EXERCISE BRIEF: Find "Era Olive Reversible" and "Quạt Đối Lưu Không Khí Iris Ohyama MKC15" in the records below. Copy the lines holding them and every line between, exactly, and no others.

Collected data entries
+ + +

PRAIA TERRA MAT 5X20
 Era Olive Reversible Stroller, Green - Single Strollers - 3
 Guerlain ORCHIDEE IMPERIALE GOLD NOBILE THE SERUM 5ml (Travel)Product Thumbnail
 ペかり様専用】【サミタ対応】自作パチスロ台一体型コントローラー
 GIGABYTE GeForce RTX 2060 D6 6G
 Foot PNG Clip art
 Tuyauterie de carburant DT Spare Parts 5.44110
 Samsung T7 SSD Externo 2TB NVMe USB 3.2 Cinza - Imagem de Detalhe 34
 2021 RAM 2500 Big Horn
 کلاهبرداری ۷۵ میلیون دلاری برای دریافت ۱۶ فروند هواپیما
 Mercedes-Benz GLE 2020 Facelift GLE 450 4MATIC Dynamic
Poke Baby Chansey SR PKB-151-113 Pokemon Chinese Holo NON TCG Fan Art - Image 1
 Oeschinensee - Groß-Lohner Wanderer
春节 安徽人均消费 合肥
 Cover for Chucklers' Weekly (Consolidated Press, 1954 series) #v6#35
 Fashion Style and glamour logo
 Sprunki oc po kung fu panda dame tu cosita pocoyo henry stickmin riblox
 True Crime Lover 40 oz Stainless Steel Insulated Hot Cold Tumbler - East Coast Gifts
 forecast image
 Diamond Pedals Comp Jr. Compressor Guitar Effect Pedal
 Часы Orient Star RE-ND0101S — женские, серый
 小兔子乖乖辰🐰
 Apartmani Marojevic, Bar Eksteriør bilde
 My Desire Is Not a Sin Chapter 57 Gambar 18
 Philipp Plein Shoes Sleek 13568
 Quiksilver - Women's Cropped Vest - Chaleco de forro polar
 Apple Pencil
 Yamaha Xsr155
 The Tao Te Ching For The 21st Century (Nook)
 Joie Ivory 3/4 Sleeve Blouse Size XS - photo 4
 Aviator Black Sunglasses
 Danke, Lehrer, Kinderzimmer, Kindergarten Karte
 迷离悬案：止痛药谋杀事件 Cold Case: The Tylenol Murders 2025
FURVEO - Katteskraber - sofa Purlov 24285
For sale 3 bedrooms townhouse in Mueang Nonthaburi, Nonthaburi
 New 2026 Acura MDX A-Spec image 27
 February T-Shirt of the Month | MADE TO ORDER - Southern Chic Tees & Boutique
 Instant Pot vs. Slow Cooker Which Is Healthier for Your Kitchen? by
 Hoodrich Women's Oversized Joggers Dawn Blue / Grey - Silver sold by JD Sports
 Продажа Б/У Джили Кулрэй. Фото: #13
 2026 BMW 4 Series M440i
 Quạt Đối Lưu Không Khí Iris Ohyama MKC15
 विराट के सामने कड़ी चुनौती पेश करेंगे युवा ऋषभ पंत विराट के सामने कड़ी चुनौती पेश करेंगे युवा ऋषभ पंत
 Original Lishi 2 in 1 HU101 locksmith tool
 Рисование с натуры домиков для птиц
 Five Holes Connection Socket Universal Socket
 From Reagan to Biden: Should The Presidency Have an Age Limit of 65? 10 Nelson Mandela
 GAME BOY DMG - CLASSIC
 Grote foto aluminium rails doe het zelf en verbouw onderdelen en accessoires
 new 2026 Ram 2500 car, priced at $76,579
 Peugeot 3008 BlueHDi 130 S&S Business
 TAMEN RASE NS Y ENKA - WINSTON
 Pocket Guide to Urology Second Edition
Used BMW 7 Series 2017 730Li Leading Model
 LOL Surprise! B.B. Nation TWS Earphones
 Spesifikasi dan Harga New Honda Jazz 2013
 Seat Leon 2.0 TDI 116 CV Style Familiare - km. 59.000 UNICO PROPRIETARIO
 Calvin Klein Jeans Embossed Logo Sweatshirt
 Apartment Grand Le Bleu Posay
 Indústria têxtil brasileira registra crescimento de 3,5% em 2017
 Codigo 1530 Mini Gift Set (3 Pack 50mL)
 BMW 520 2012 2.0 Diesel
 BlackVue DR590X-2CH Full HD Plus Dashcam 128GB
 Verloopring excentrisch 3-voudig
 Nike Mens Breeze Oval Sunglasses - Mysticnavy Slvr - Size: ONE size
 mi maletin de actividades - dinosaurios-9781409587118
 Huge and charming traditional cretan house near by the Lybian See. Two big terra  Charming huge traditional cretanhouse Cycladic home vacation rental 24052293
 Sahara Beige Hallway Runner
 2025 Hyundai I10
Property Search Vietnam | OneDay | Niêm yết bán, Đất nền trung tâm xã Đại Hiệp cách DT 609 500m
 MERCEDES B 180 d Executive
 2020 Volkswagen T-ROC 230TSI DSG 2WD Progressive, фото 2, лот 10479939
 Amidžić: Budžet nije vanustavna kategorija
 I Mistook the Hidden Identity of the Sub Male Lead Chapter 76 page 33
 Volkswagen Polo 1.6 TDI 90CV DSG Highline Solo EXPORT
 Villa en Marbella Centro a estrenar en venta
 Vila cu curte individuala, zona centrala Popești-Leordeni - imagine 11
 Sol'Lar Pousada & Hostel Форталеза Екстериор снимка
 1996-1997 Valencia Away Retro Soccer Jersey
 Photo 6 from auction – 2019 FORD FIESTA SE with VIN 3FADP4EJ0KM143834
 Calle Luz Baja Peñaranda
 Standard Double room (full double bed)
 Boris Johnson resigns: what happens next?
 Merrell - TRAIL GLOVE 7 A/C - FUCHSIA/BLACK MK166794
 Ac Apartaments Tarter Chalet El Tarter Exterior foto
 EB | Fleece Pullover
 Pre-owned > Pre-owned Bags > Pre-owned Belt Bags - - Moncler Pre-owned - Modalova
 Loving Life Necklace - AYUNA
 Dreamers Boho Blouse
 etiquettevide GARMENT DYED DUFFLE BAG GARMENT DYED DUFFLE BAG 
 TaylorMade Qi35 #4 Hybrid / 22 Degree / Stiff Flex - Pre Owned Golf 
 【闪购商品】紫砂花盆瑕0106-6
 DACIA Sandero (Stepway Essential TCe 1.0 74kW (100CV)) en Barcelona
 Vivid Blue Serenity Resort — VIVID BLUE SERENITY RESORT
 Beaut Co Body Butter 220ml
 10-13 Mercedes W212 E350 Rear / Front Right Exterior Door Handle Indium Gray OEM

+ + +

ANSWER TO THIS PROBLEM:
 Era Olive Reversible Stroller, Green - Single Strollers - 3
 Guerlain ORCHIDEE IMPERIALE GOLD NOBILE THE SERUM 5ml (Travel)Product Thumbnail
 ペかり様専用】【サミタ対応】自作パチスロ台一体型コントローラー
 GIGABYTE GeForce RTX 2060 D6 6G
 Foot PNG Clip art
 Tuyauterie de carburant DT Spare Parts 5.44110
 Samsung T7 SSD Externo 2TB NVMe USB 3.2 Cinza - Imagem de Detalhe 34
 2021 RAM 2500 Big Horn
 کلاهبرداری ۷۵ میلیون دلاری برای دریافت ۱۶ فروند هواپیما
 Mercedes-Benz GLE 2020 Facelift GLE 450 4MATIC Dynamic
Poke Baby Chansey SR PKB-151-113 Pokemon Chinese Holo NON TCG Fan Art - Image 1
 Oeschinensee - Groß-Lohner Wanderer
春节 安徽人均消费 合肥
 Cover for Chucklers' Weekly (Consolidated Press, 1954 series) #v6#35
 Fashion Style and glamour logo
 Sprunki oc po kung fu panda dame tu cosita pocoyo henry stickmin riblox
 True Crime Lover 40 oz Stainless Steel Insulated Hot Cold Tumbler - East Coast Gifts
 forecast image
 Diamond Pedals Comp Jr. Compressor Guitar Effect Pedal
 Часы Orient Star RE-ND0101S — женские, серый
 小兔子乖乖辰🐰
 Apartmani Marojevic, Bar Eksteriør bilde
 My Desire Is Not a Sin Chapter 57 Gambar 18
 Philipp Plein Shoes Sleek 13568
 Quiksilver - Women's Cropped Vest - Chaleco de forro polar
 Apple Pencil
 Yamaha Xsr155
 The Tao Te Ching For The 21st Century (Nook)
 Joie Ivory 3/4 Sleeve Blouse Size XS - photo 4
 Aviator Black Sunglasses
 Danke, Lehrer, Kinderzimmer, Kindergarten Karte
 迷离悬案：止痛药谋杀事件 Cold Case: The Tylenol Murders 2025
FURVEO - Katteskraber - sofa Purlov 24285
For sale 3 bedrooms townhouse in Mueang Nonthaburi, Nonthaburi
 New 2026 Acura MDX A-Spec image 27
 February T-Shirt of the Month | MADE TO ORDER - Southern Chic Tees & Boutique
 Instant Pot vs. Slow Cooker Which Is Healthier for Your Kitchen? by
 Hoodrich Women's Oversized Joggers Dawn Blue / Grey - Silver sold by JD Sports
 Продажа Б/У Джили Кулрэй. Фото: #13
 2026 BMW 4 Series M440i
 Quạt Đối Lưu Không Khí Iris Ohyama MKC15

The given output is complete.